A conventional double heterostructure light emitting diode is described on pages 1217 to 1222 of "Journal of Lightwave Technology, Vol. LT-3 No.6" published in December of 1985. The double heterostructure light emitting diode comprises a buffer layer of Sn doped n-InP, an active layer of Zn doped p.sup.+ -InGaAsP, a cladding layer of Zn doped p-InP, a confining layer of Sn doped n-InGaAsP, a clapping layer of Zn doped p-InGaAsP, and a SiO.sub.2 film respectively in turn provided on an n-InP substrate. The double heterostructure light emitting diode further comprises a p-electrode provided on the SiO.sub.2 film, an n-electrode having a light emitting window provided on the back surface of the n-InP substrate, and a Zn diffused region of a predetermined diameter built in the confining layer wherein the p-electrode is partly projected into a current injecting aperture of the SiO.sub.2 film to be in contact with the Zn-diffused region extending through the capping layer over the confining layer.

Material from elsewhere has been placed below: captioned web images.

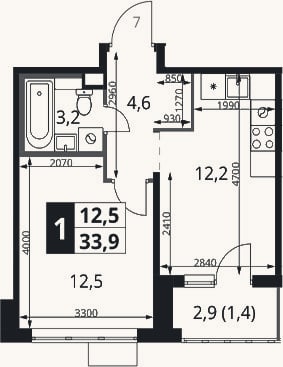 Планировка: 1-к, 32,5 м²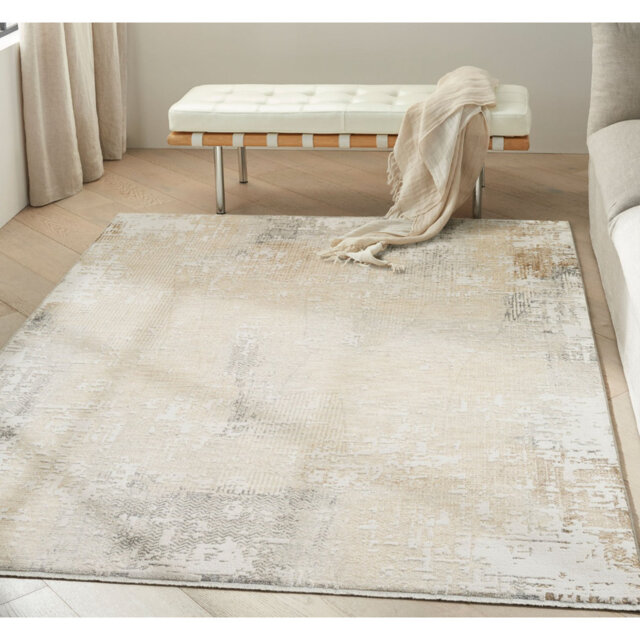 Cream Ivory Abstract Rug, Stain Resistant Area Rug For Bedroom, & Dining Room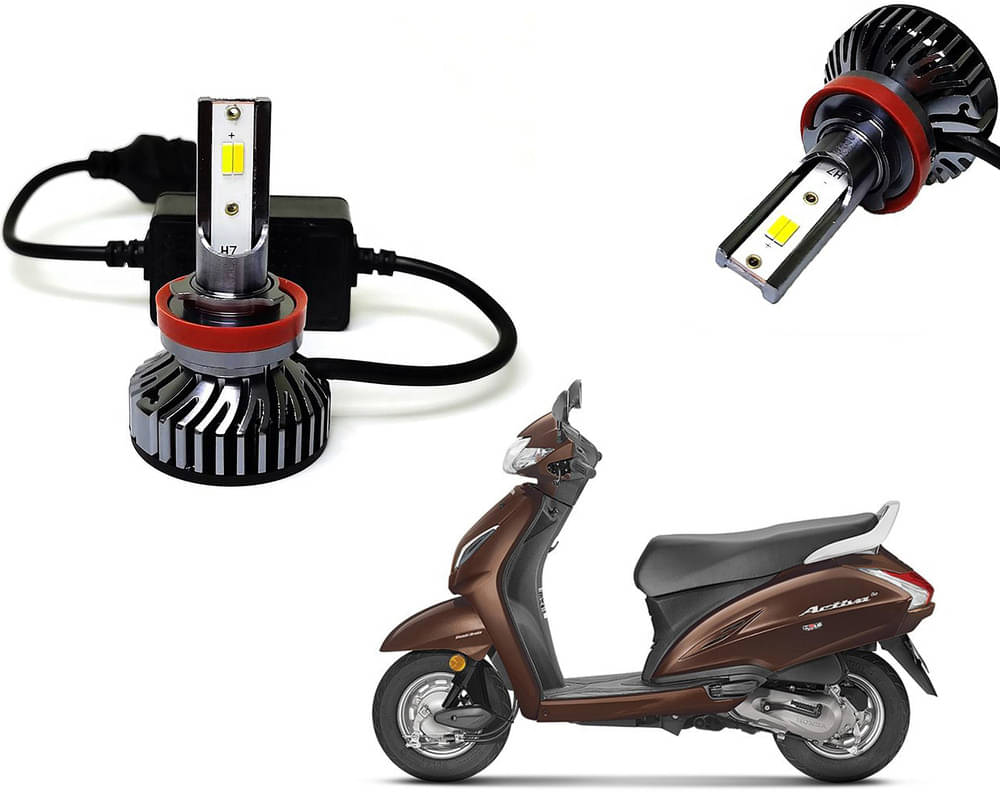     			Selifaur - 4 LED High Brightness Automotive 60W+35W Longer Life With Cooling Fan M3A BB1448 Auto Lighting System H7 H11 Led Headlight Light For - Honda Activa 5G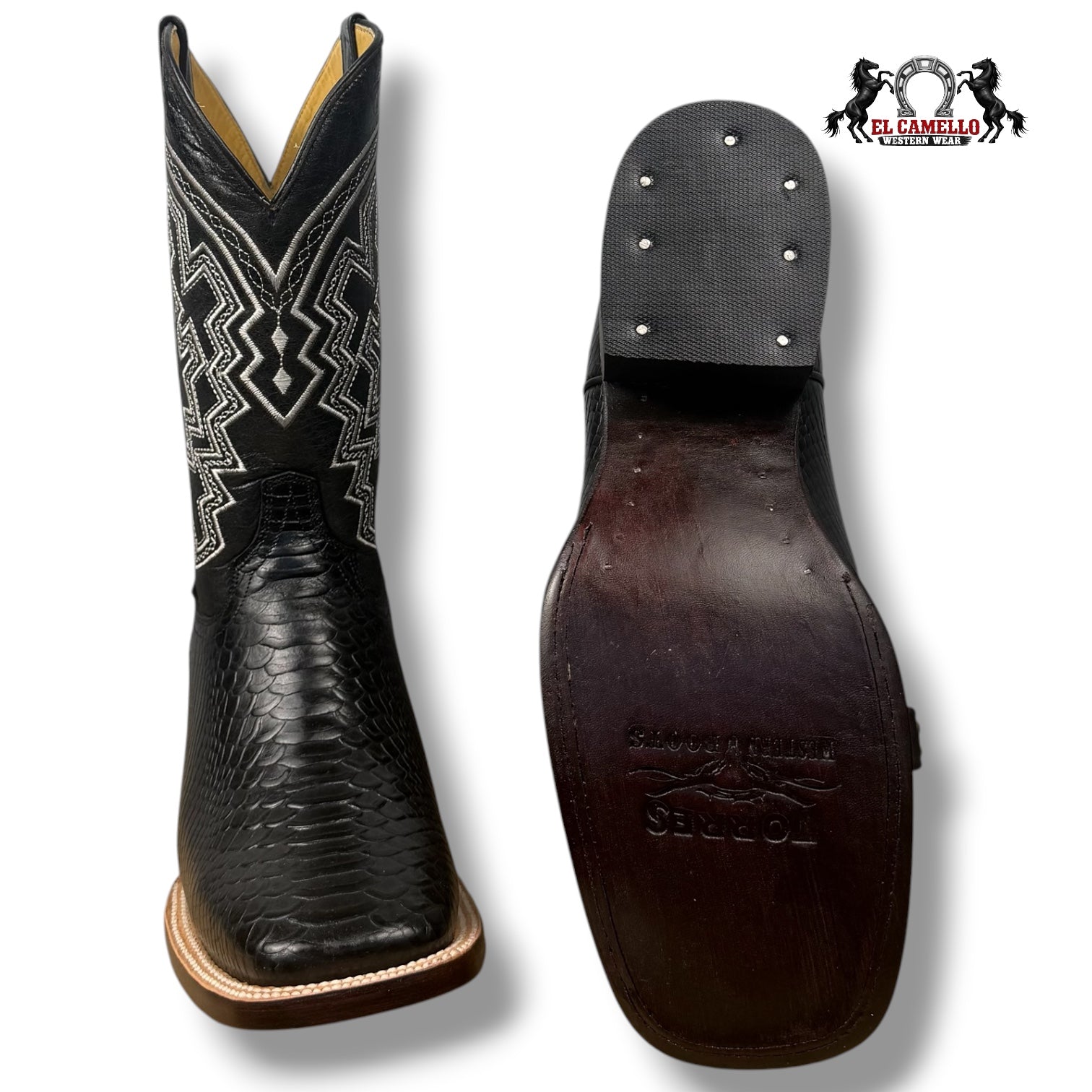 Python Grabado Negro Torres Boots TBRCC156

According to the double heterostructure light emitting diode described above, the active layer is heavily doped with a p-impurity like Zn to shorten the lift time of carriers to that a high speed response is obtained. As a consequence, the rise and fall times of the light output may be as fast as 350 ps using a specified speedup circuit and applying DC bias offset.
In the conventional double heterostructure light emitting diode, however, the light output is considerably decreased because the active layer is heavily doped with a p-impurity such as Zn etc., although the response time is increased with the increase of the impurity concentration therin. Further, the crystal surface of the active layer tends to be rough due to the high concentration doping so that fabrication yield is decreased. For this reason, there a limitation in obtaining a high speed response in a light emitting diode comprising an active layer to be doped with such a p-impurity as Zn etc.
Alternatively, if an active layer is not heavily doped with a p-impurity a peaking of pulses must be performed in a rise and fall thereof in a circuit for driving the light emitting diode, or a DC bias voltage must be applied thereto to obtain a high speed response.